▶ Exercise brief: Make an exact copy of the entries below and leave any picture out of it.
[Source records]
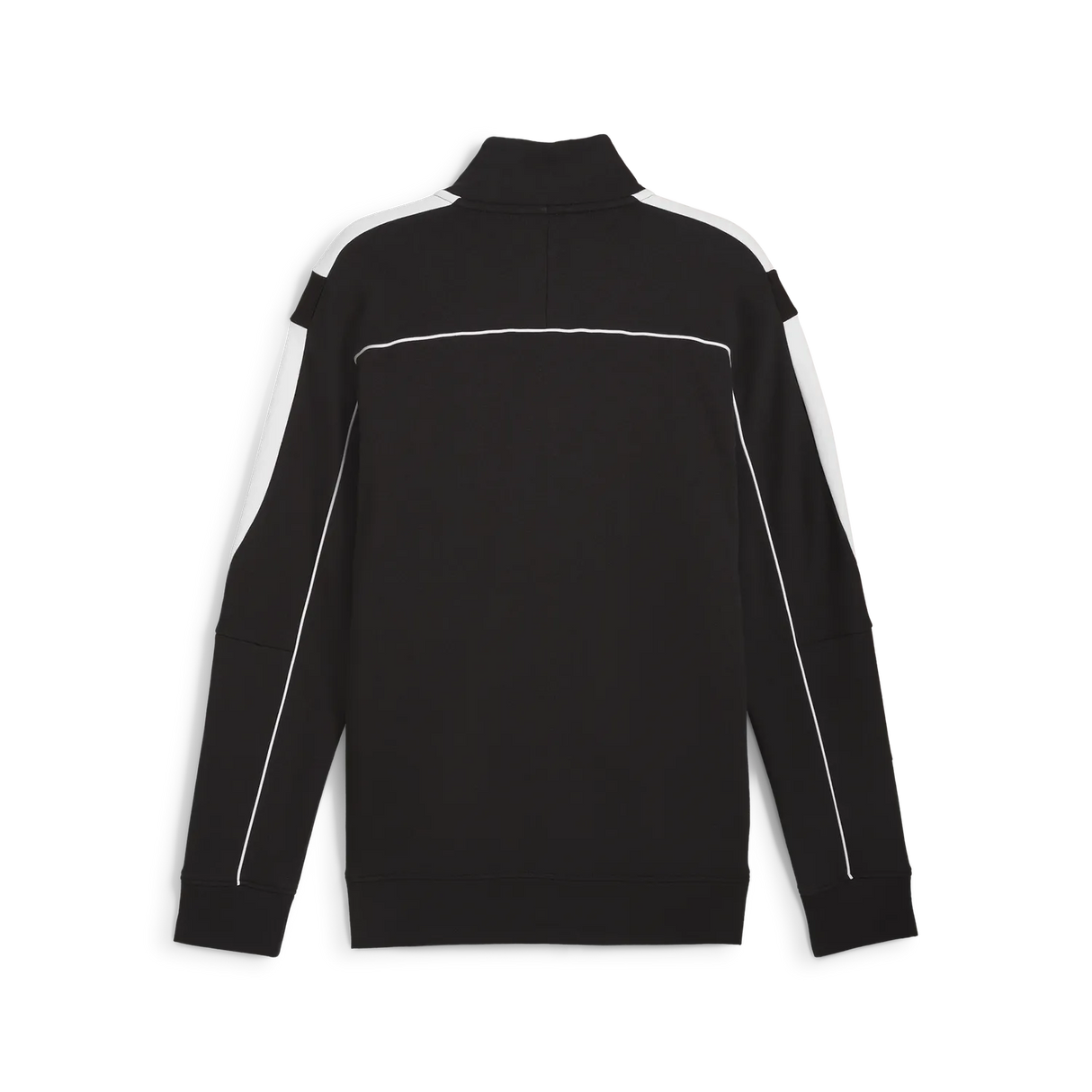 BMW MMS MT7 Sweat Jacket š„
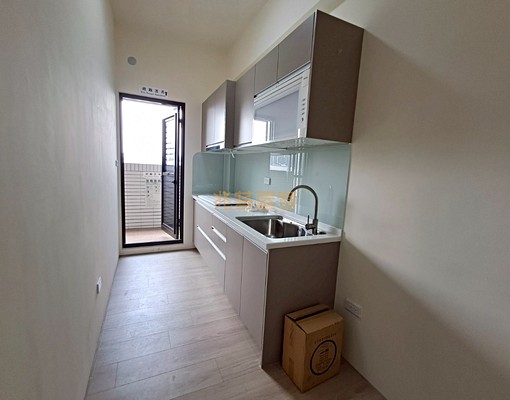 兆基社會住宅🏡社邊路免仲可租補3房(家具可議) - 591租屋網 - Image 5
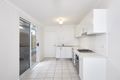 Property photo of 83 Phelps Street Surry Hills NSW 2010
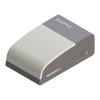 DC Drives Logo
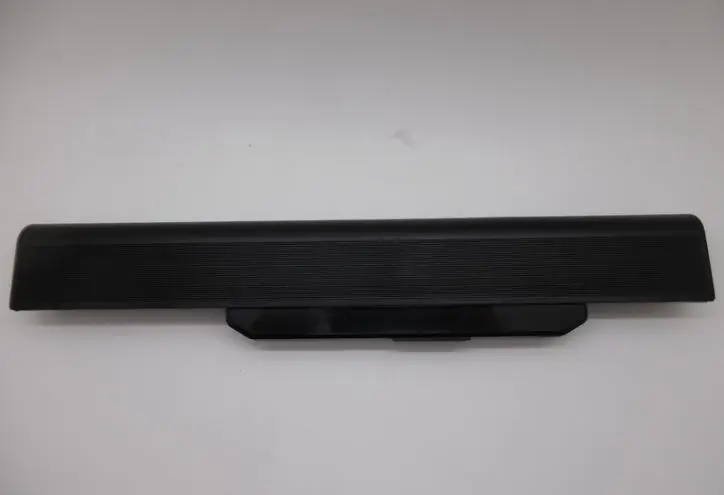 Аккумулятор для ноутбука ASUS K53S A32 K53 10 8 V 5200 мА/ч литий ионный аккумулятор новый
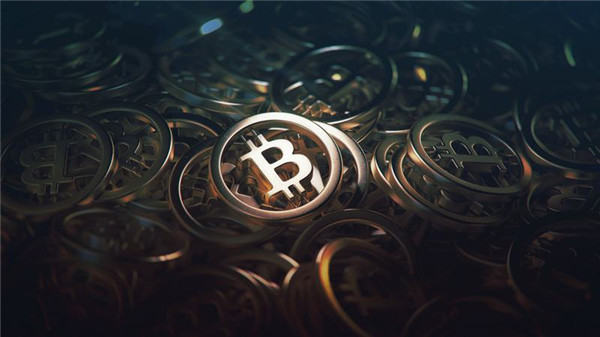 数字美元与全球支付革命：稳定币的兴起与全球金融格局的重塑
[/Source records]
▶ Solution:
 BMW MMS MT7 Sweat Jacket š„
 兆基社會住宅🏡社邊路免仲可租補3房(家具可議) - 591租屋網 - Image 5
 Property photo of 83 Phelps Street Surry Hills NSW 2010
 DC Drives Logo
 Аккумулятор для ноутбука ASUS K53S A32 K53 10 8 V 5200 мА/ч литий ионный аккумулятор новый
 数字美元与全球支付革命：稳定币的兴起与全球金融格局的重塑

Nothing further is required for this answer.